Here’s my initial reaction to today’s IEP meeting

The meeting has come and gone.  It was one of those meetings where I went into it with a certain attitude and walked out of it with a different one. 

It was Dr. Pattie, the boy’s Mom (via phone), IEP Coordinator, both teachers and myself at the meeting this afternoon. 


The long and short of things is that Elliott’s actually doing really well in school academically.  The interm report was sent and was reflecting issues as a result of him being sick for a week..

As it turns out, he doing middle to late 5th grade work in some areas, in order to continue challenging him. His Math and Reading scores are off the charts. 

If that’s the case, which it turns out it is, why is Elliott struggling so much at home when it comes to homework?

It’s sorta my fault.  Well, not really my fault but more the fact that I have so much invested emotionally. 

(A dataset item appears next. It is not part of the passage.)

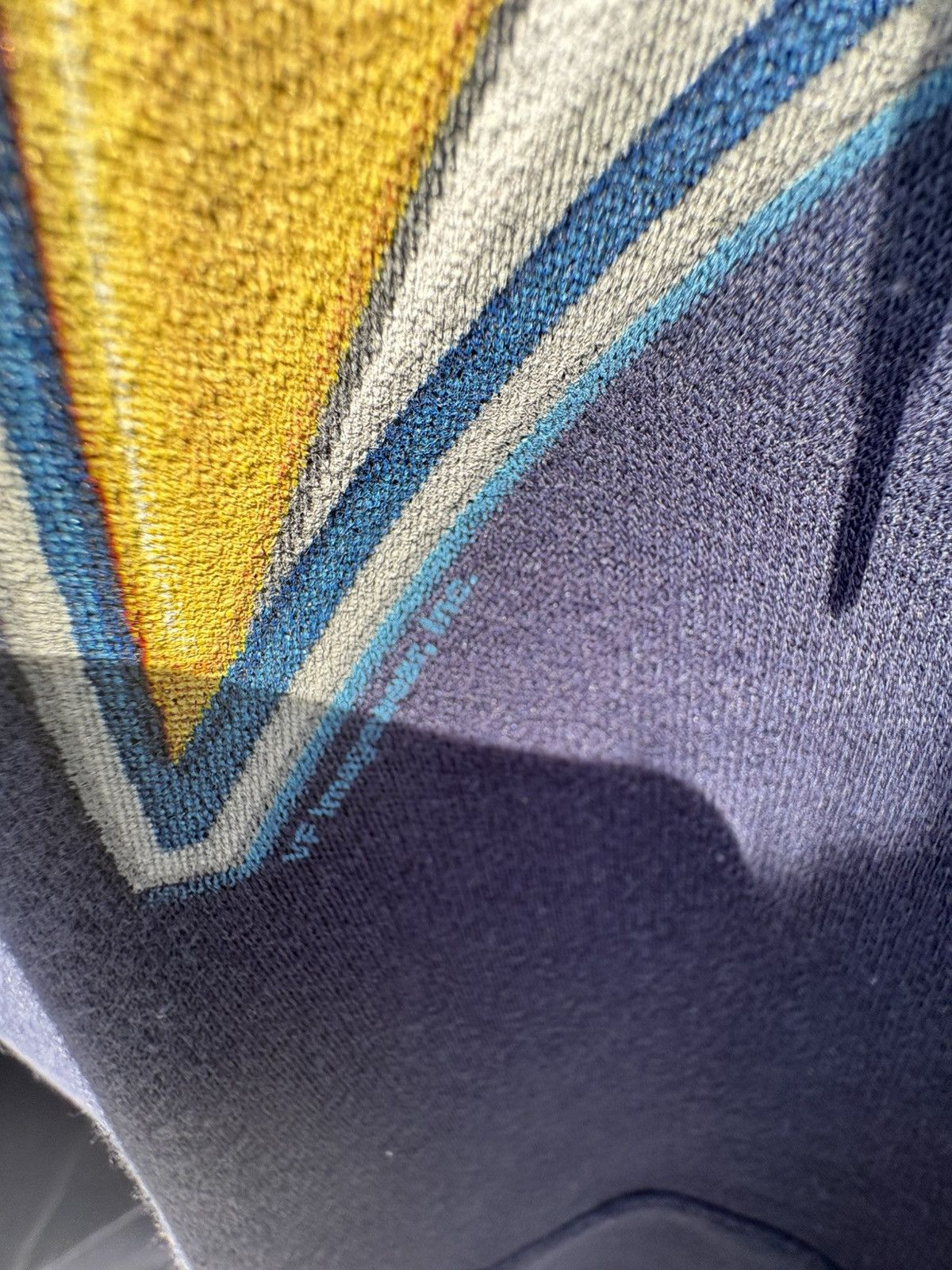Lee × Vintage Vintage 2005 Buffalo Sabres Lee Sports Hoodie Sweatshirt Size US XXL / EU 58 / 5 - 5 Thumbnail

I’ve never doubted that Elliott was capable of doing the homework. What I was seeing as anxiety surrounding homework was more Elliott pushing back against having his time controlled by someone other than him. 

Dr. Pattie says it’s avoidance.

She also thinks that he’s manipulating me. When I expressed some level a disagreement, she explained that he gets to the point where he’s not thinking rationally and cycle just perpetuates.

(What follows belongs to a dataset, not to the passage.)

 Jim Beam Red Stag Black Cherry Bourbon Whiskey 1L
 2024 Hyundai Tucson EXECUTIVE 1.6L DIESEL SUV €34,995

While I’m not saying she’s wrong because I happen to agree with much of what she thinks but it’s hard for me to not react emotionally when he’s so distressed. 

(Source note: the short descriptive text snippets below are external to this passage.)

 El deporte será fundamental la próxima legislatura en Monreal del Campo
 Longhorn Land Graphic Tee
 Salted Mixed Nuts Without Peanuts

The problem is that there is so much going on with him and it’s all squished together into a giant ball of struggle.  It’s not always easy to know what is what, especially when he’s not the only one having problems. 

I’ve done some serious soul searching here and I have to own the fact that I’m overcompensating.

The boys have gone through so much over the last year or so and there wasn’t anything I could do to protect them from it.

Elliott specifically, is so profoundly impacted by his Mom leaving. I was working overtime to provide him with relief from his heartache and distress.  I was overcompensating and while it’s coming from a place of love, it’s not always the best thing to do..

There’s also significant separation anxiety while he’s at school, especially when I happen to stop into the school for something and he sees me.  It takes the teachers an hour to settle him down.

This is pretty much where I’m going to cut off for now.  I wanted to share my take away from this meeting.  In the next post, I’ll share what we’re going to be doing to address these issues and why we’re taking this particular approach.

I just needed to put this out there and start to process everything.